Monday, September 10, 2012

Religion, Spirituality, and Worldviews

I was sitting in a coffee shop with a student yesterday. He had some health issues and we were finally completing his last assignment - and oral exam. Here in the midst of a crowded Bridgehead we talked about one of my favourite subjects - spirituality. Specifically the course (Religion, Culture, and Diversity) was designed to give students some functional understanding of how religion works and how we can take that into our interactions with each other in the diverse cultures we live in today. A big part of the course is riddling through what part is religion, what part is spirituality, and what part is worldview. These things are pretty hard to pull apart, meaning we all see different ways to divide them up. For example, some people vilify one over the other saying they are spiritual but not religious or pretending that spirituality has no influence on worldview.

I want to challenge us to think of these as essential parts of what it is to have a faith life. I think this is important as it will help us to value each part. Certainly, like it or not, we (speaking to the Vineyard folks here) belong to a great religion (Christianity) which is full of rich diversity. Religions, like most complex systems, have good and bad aspects to them - this is true regardless of how valid their theological claims may be. One of the challenges of looking at religion from a functional perspective is that you have to put aside the arguments for and against specific doctrines and talk about why doctrines matter within a religion. My experience is that when I know why doctrines matter and how they function then am better equipped to appreciate them and navigate them. I love what Walter Kasper once said on this subject: "The problem with the creeds is that they are true." Truth requires navigation, appropriation, exploration - all of which religion can give us a safe ground to do.

One of the interesting ideas we explored in that coffee shop was religion as the custodian of spiritualities. We were discussing the fact that spirituality is formed within religious contexts, influenced by the religion and ultimately influence the religion (lest we think that religions are static affairs). We were also discussing that spirituality is always embodied in a person, that person is shaped by their spirituality as much as they shape their spirituality - sometimes through experimentation, sometimes through God moments. Where religions can play a beneficial role is to provide a basic trusted foundation on which to explore spirituality as well as a community in which spirituality is able to be tested and even questioned. This is the hard stuff of walking out our faith - but oh so important. We need that community.

Then we moved onto worldviews.
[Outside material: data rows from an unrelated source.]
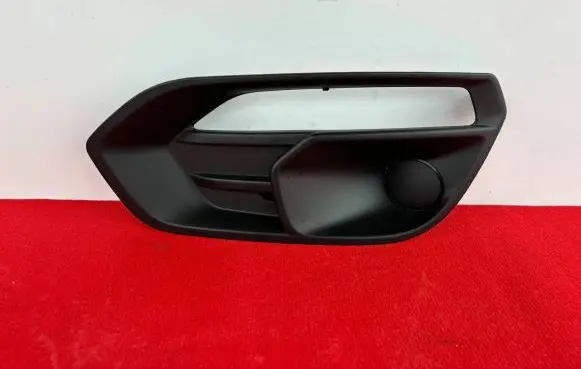 Iveco Daily 6th gen Front bumper lower grill 105802356346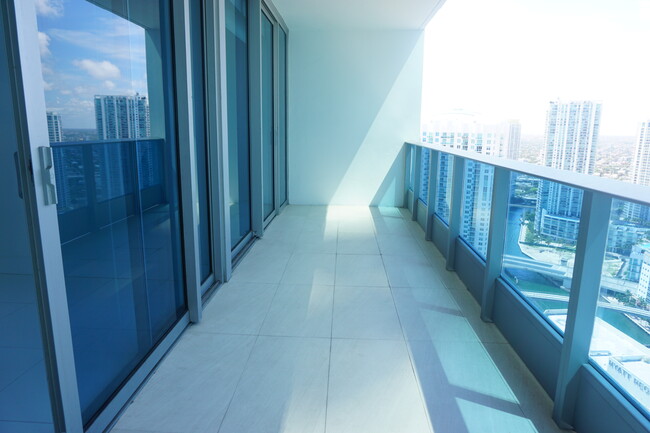 Foto del edificio - 200 Biscayne Boulevard Way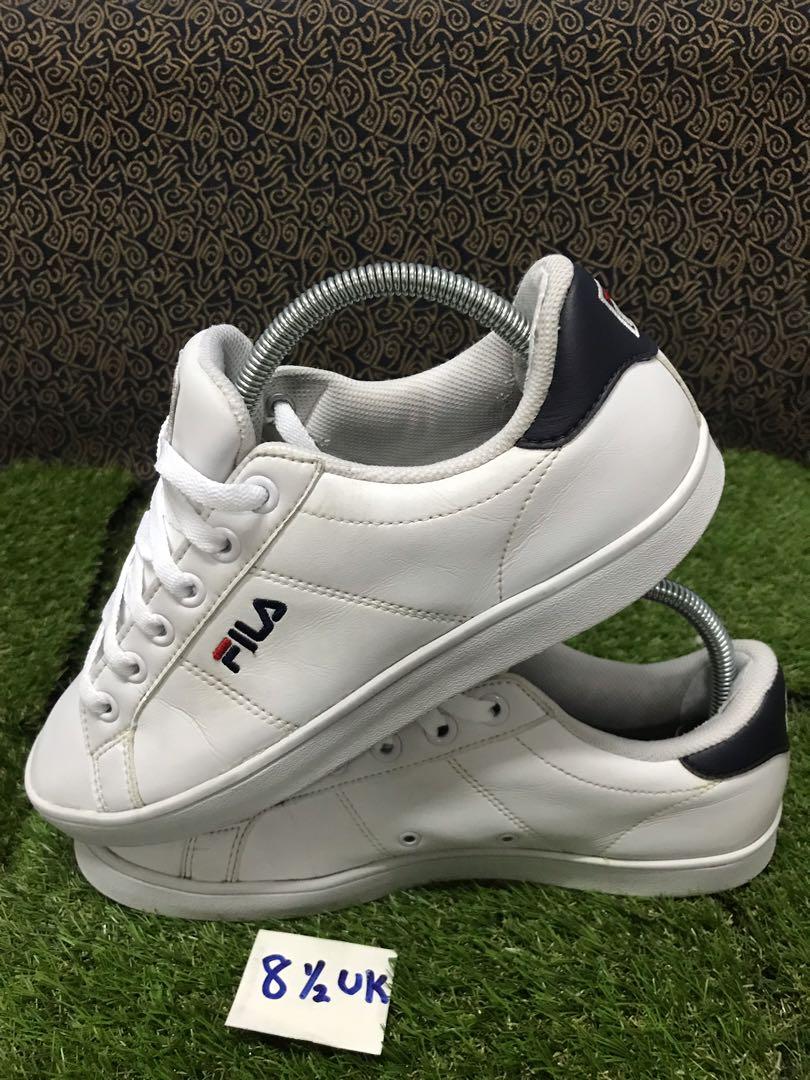 Sneaker store fila putih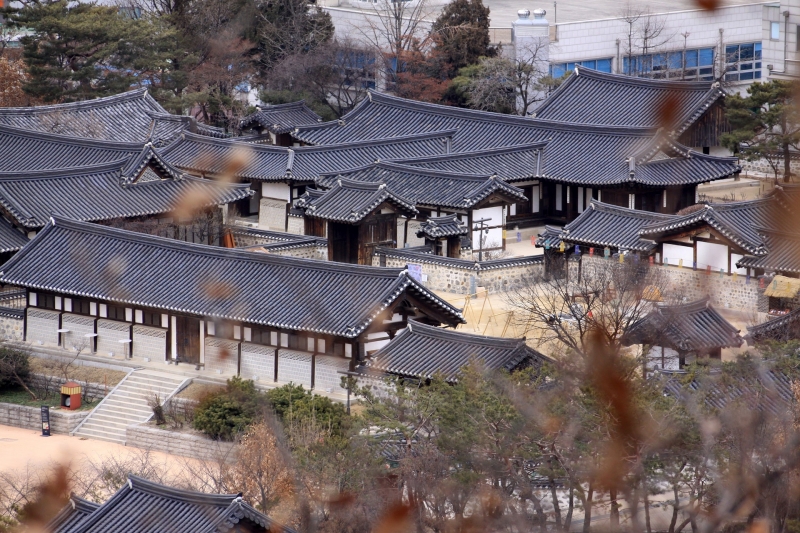 Nhà cổ Hanok giúp con người học cách sống tiết chế, tối giản, bình dị, đồng thời nó còn cho thấy hình ảnh “quốc tế hóa” gần gũi, chân thực hơn thông qua việc quảng bá văn hóa Hàn Quốc ra nước ngoài (Ảnh: Pixabay)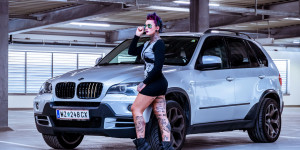 Beitragsbild des Blogbeitrags BMW im Parkhaus Female Tattoo Model Marietta Bunt und Beton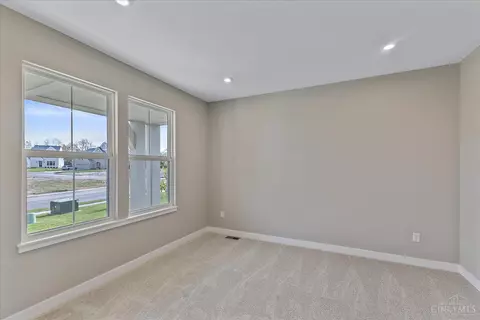 1307 Trailhead Pl, Harrison, OH 45030 photo 2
Worldviews function in a very similar way. In fact one way to understand them is as the secular counterpart to a robust spirituality. Take for example consumerism which functions like a religion, has a spirituality complete with practices, and produces a particular view of the world. There is an inter-relatedness between all of these aspects of consumerism (just as in Christianity), so much so that we think of it as all one thing. Spiritualities can be thought of as the way we navigate our faith within our religious commitments (how we love Jesus for instance) and worldviews how we understand the world informed by our faith. Much more can be said, but let's move to the practicalities before we get overly technical.

Why does this matter? 

Practically speaking we are called to be faithful to our beliefs (which is why we invite people to join our religion; specifically we invite them so they can meet the Jesus we have come to know as faithful and true just as our religion reveals to us), to express the implications of our beliefs in the world (our spirituality can be thought of as the lived out component, how we express that relationship we've come to have with Jesus), and to adjust our thinking along the way (Phil 4:8; living with Jesus always challenges the way we look at the world). Certainly we do not just call people to a religion, but to a religion that expresses itself in beautiful spiritualities that shape and mold our views towards the world that God so loves. These aspects of faith are all inter-related; getting the connections helps us know, pastorally and personally, what to encourage and what to question. But above all it helps us see that religion, spirituality, and worldviews are all essential parts of a healthy life of faith.

May your religion serve your faith, revealing Jesus and calling you to live out a life worthy of a follower of Jesus. And may God ever shape your view of the world so that you always see what God is doing and have a heart willing to do those things you see.

Frank Emanuel - Ontario Region.

1 comment:

  1. Frank this is very thought-provoking...and reminds me of reading Amos Yong's work 'Beyond the Impasse'. Good stuff!